In this context, the
rise of the realists could prove critical to ending the conflict. They
understand that Russia’s current path is suicidal and that carrying out more
atrocities and wasting shrinking resources would worsen Russia’s already
deteriorating position in a conflict that Moscow will eventually have to end.
But even though they want to halt the invasion, they have a complicated path.
Divide And Conquer
For Russia’s elites,
demonstrating support for the war—if not for how it is currently being
fought—is the key to political survival. Many increasingly voice support for
escalation, a theme that has become mainstream. Despite the different interests
in play, technocrats, security operatives, conservative nationalists, and
business leaders are largely united in believing that Russia cannot lose, lest
it results in the collapse of the regime on which they all depend.
But Moscow is
becoming deeply divided on how to accomplish that task. The war’s most
prominent proponents, including ideological conservatives such as Nikolai
Patrushev and Chechen leader Ramzan Kadyrov, want to carry out a total
mobilization, conscripting Russia’s entire eligible population and putting the
entire Russian economy on a wartime footing, and hit Ukraine with everything
they have—including nuclear weapons. (Russia has recently been carrying out a
large-scale media campaign to make the world believe that Russia can and
would use these weapons if needed.) These ultranationalists still envision a
clear victory, with Kyiv eventually falling into Russian hands. By contrast,
the growing chorus of realists has come to see that Moscow does not have the
resources it needs to win. Instead, they favor an approach in which Russia
avoids more defeat by freezing the war where it is, digging defensive lines
around their current positions, and using reinforcements to stop the Ukrainian
advance.
No one in the Russian
elite will support a withdrawal to the country’s February 24 positions. It is
possible, however, that the realists could publicly push for freezing the
conflict in a temporary agreement with the West (sealed with Ukraine). First,
however, they would need to overcome the radical hawks, who are ready to fight
in Ukraine until the bitter end and remain dominant in domestic political
discourse. To do so, they will have to convince Putin to personally acknowledge
reality and opt for a more sober approach to the conflict. But even if Putin
gives up and admits that the best Russia can do is freeze the war, it will not
assuage elite fears about Russia’s survival and territorial integrity in the
face of the West, which even the realists believe wants to subjugate Russia.
There is little that
the United States and Europe can do to insulate realists from domestic threats.
But suppose the West wants to strengthen its voice in the Kremlin.
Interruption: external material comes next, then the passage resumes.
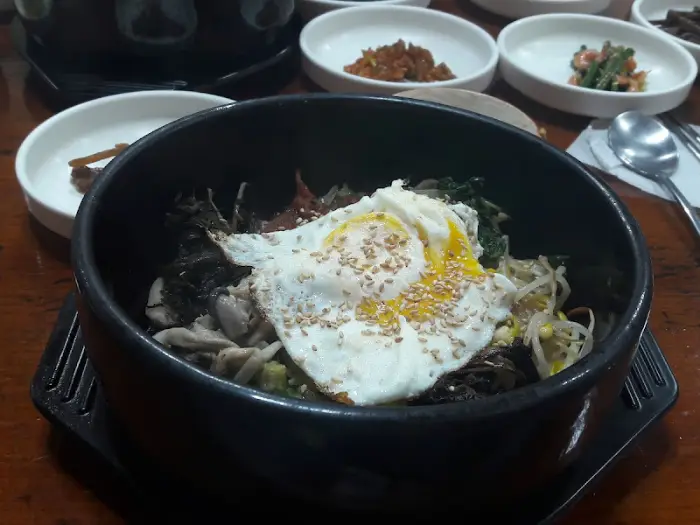 김이 솔솔 나는 비빔밥 한 그릇, 계란 프라이가 얹혀 있습니다.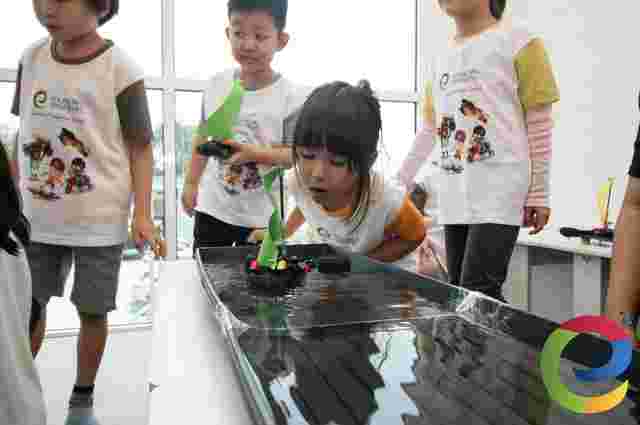 Children engaged in a science activity, testing small motorised LEGO sailboats in a water trough. They wear matching Young Engineers educational program shirts.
In that
case, it should outline a proposal in which Russian-Ukrainian peace talks would
result in a simultaneous Russian-U.S. dialogue over Moscow’s strategic
concerns. This dialogue would guarantee Moscow that Russia would continue to be
a stable, autonomous state. The United States could do this by agreeing to
discuss the future of NATO. The West would also have to offer Russia guarantees
that Ukraine will not be used as part of a Western “anti-Russia” project, as
Putin alleges.
Given all the
horrible things Russia has done, this outcome would not be satisfying for
Ukraine or its Western partners. But under the current circumstances, Putin
believes he has no choice but to continue bombing and attacking Ukraine. And
unlike many of Russia’s elites, Putin believes Ukraine is still doomed. His
present personal goal is tactical—stopping Kyiv’s attacks, holding the line,
and then waiting until the Ukrainian state collapses, which he believes is just
a matter of time. Yet, given the public meeting with XI yesterday, he is
unlikely to use nuclear weapons. Signaling to the realists that peace with
Ukraine will not inevitably cause Russia to collapse is a dramatically
challenging task. But it may be the only way to get the Kremlin to end its
catastrophic invasion. Until then, even the realist elites have no choice but
to bet on the solid state and the strongman.